The ontological issues such as the concept, features, and attributes of smart contracts written in code and running on the blockchain have been the focus of research in the academic community. In this paper, we first construct a smart contract illegal behavior determination model based on the C4.5 decision tree algorithm, which realizes accurate prediction and determination of illegal behaviors existing in smart contract transactions by extracting multiple attribute features of smart contract transaction data. Then, the correlation between smart contract features and contract risk is analyzed by Pearson coefficient, and the risk assessment evaluation system of smart contract performance is constructed by using hierarchical analysis.
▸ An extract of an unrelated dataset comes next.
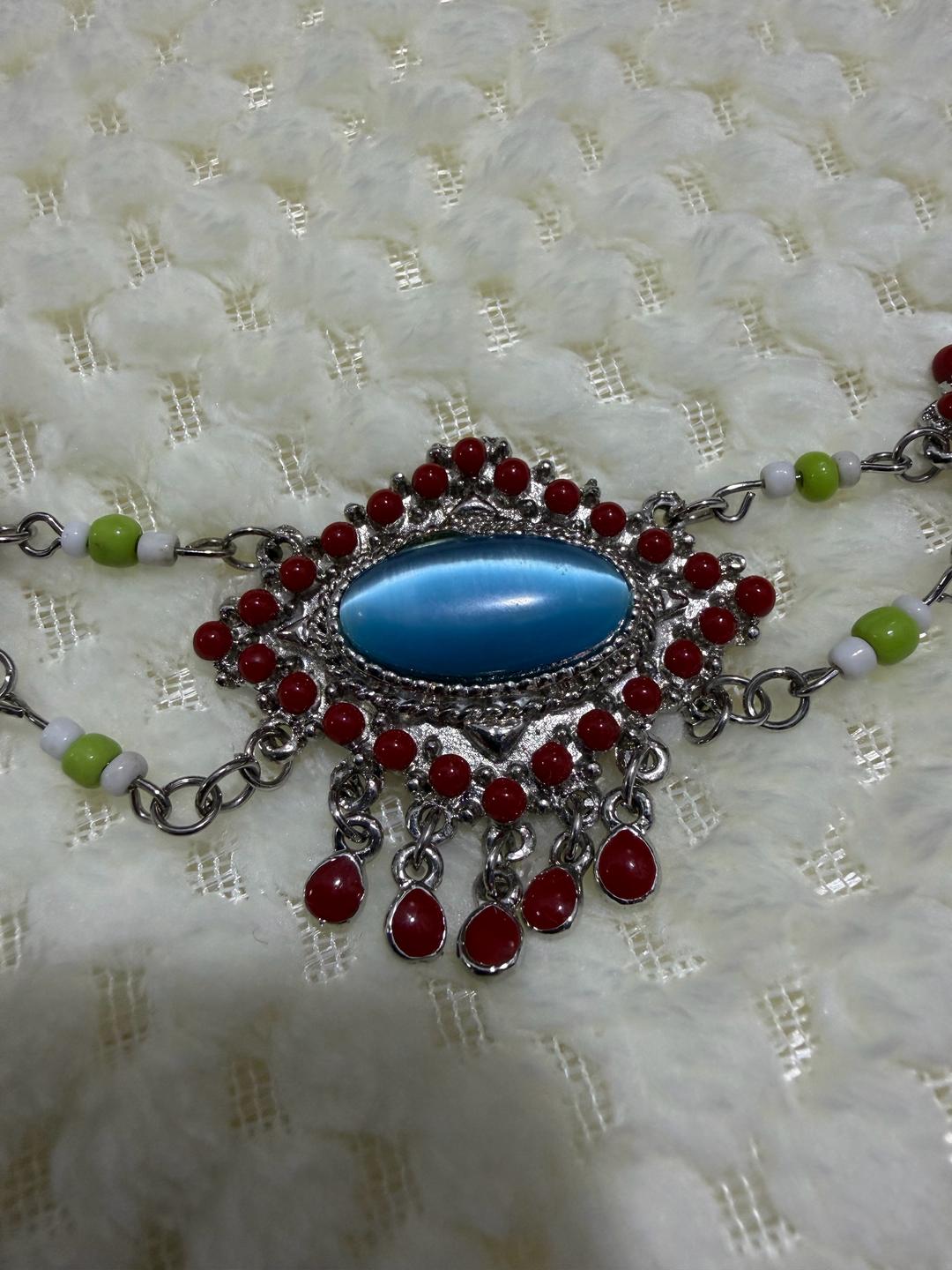 Handmade (ручная работа) Универсальное этническое украшение в восточном / бохо стиле. — фото 2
Finally, the fulfillment path of smart contract is proposed by synthesizing all the analysis results. Among the 24 randomly selected samples, the total prediction probability of the illegal behavior determination model based on the C4.5 decision tree algorithm reaches 95.83%, which is able to effectively identify the illegal behavior of smart contracts. The Pearson chi-square value between smart contract features and contract risk is 224.6317, and the Sig.(two-tailed) value is 0.000, indicating that there is a significant correlation between the two. By constructing a smart contract risk assessment index system, this paper designs a dynamic monitoring model of smart contract fulfillment risk level, and proposes a smart contract fulfillment path from the aspects of reasonable allocation of legal responsibility and legal regulation of contract fulfillment.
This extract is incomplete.